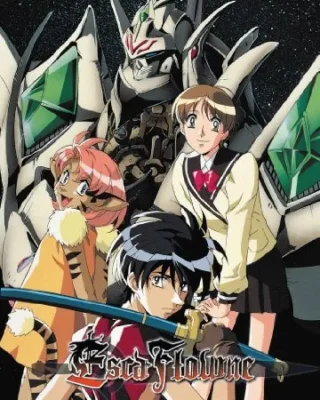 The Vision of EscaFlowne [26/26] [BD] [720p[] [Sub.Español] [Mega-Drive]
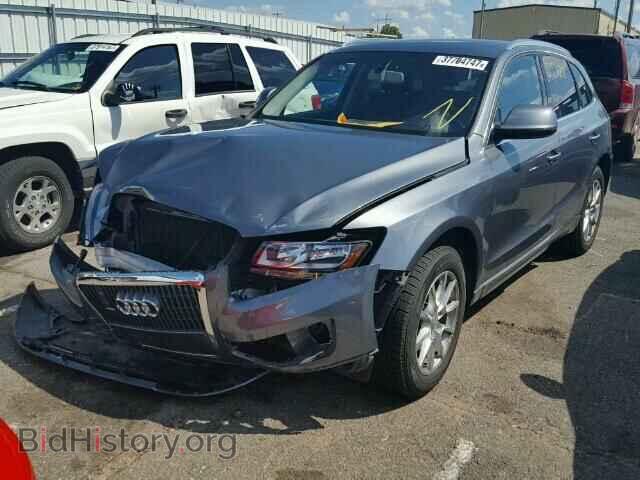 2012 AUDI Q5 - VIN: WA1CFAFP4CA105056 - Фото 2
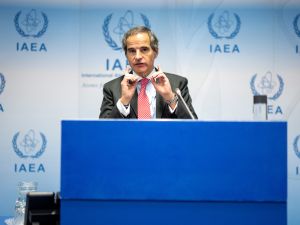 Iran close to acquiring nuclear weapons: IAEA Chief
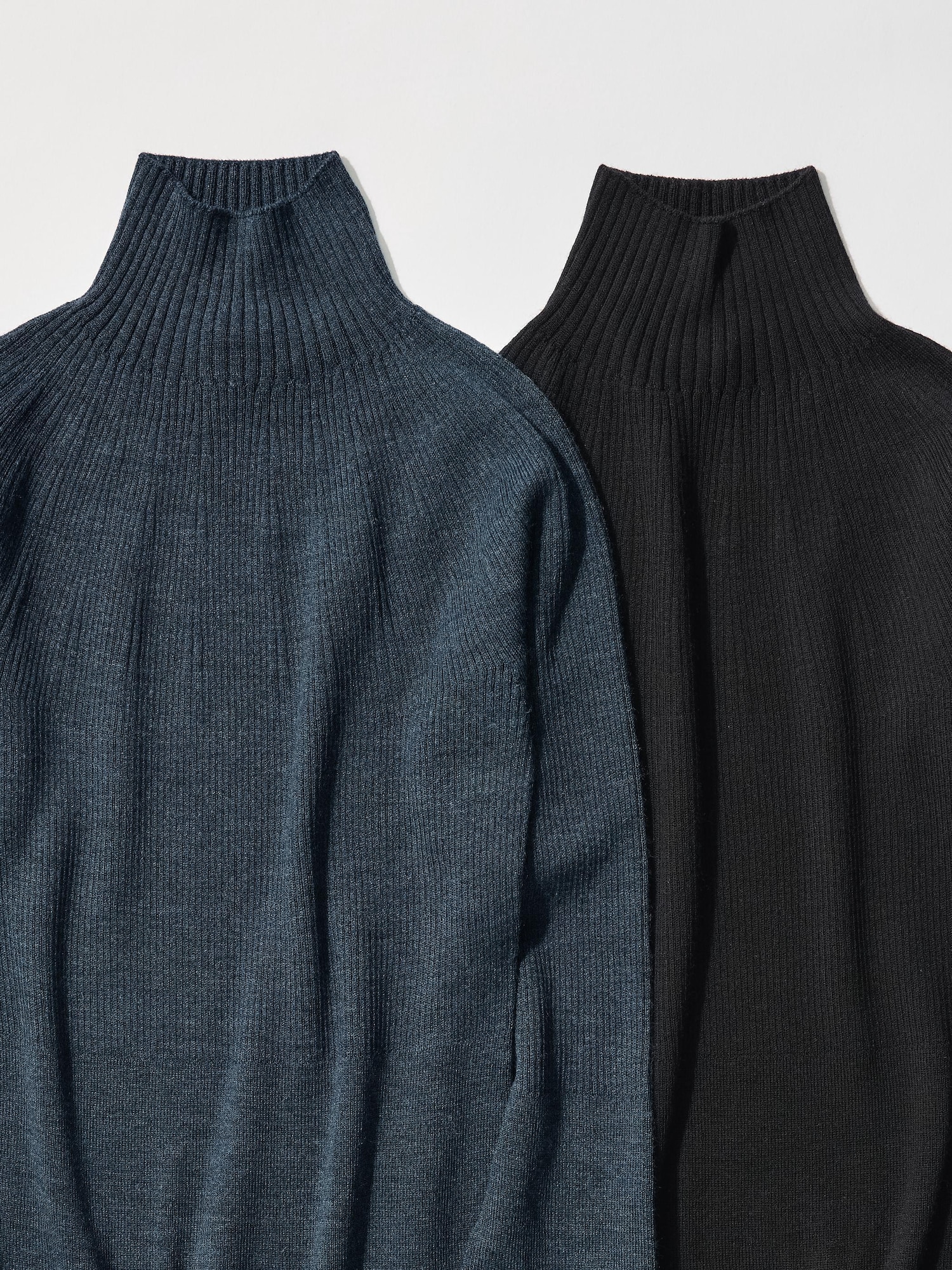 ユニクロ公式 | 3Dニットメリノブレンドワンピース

⁂

The whole listing should be retyped word for word; none of its pictures belong in the copy.

 The Vision of EscaFlowne [26/26] [BD] [720p[] [Sub.Español] [Mega-Drive]
 2012 AUDI Q5 - VIN: WA1CFAFP4CA105056 - Фото 2
 Iran close to acquiring nuclear weapons: IAEA Chief
 ユニクロ公式 | 3Dニットメリノブレンドワンピース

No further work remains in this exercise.